Four tactics to help you build and exert influence
To make change, you must have influence. Workforce development is no exception. In your community, you need to influence employers, community-based organizations, community colleges, workforce boards, educators, economic developers, elected officials, and more. These four tactics can help you build and exert influence.
1. Build and Use Your Expertise
Influence starts with expertise. You must build a track record of success in some aspect of workforce development that you can showcase so that you can speak knowledgeably and credibly about what you’ve accomplished. You also need to know how your area of expertise connects to the bigger picture in your community, and then communicate those connections to others.

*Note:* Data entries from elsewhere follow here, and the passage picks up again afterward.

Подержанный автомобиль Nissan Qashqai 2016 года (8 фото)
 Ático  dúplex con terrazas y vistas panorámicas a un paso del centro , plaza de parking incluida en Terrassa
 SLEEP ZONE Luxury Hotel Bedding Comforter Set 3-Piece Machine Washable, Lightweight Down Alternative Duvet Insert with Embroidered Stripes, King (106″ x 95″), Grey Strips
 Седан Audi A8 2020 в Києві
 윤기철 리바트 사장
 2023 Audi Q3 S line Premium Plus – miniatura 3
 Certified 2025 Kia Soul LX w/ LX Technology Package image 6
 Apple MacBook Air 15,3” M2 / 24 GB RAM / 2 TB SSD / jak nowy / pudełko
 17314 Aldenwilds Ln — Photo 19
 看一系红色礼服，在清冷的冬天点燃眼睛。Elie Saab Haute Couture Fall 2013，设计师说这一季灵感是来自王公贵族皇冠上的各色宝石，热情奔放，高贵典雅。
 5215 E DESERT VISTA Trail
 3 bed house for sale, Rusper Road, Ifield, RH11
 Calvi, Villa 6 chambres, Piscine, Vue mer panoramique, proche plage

Pearl of wisdom: View every interaction, no matter how informal, as an audition. Meetings, receptions, and presentations are all opportunities to practice your elevator pitch, share what you are working on and thinking about, and learn about the priorities and challenges of others in your community. These are opportunities to build your reputation and credibility and to gather important information about what else is going on. There are plenty of stories out there about how chance discussions have led to important connections, insights, and opportunities. Because your time is limited, be strategic and figure out where you need to “see and be seen.”
2. Make Strategic Choices
Think strategically about the problem you are trying to solve, why you are trying to solve it, and what your role is or could be in solving it. Align the problem with your organization’s mission.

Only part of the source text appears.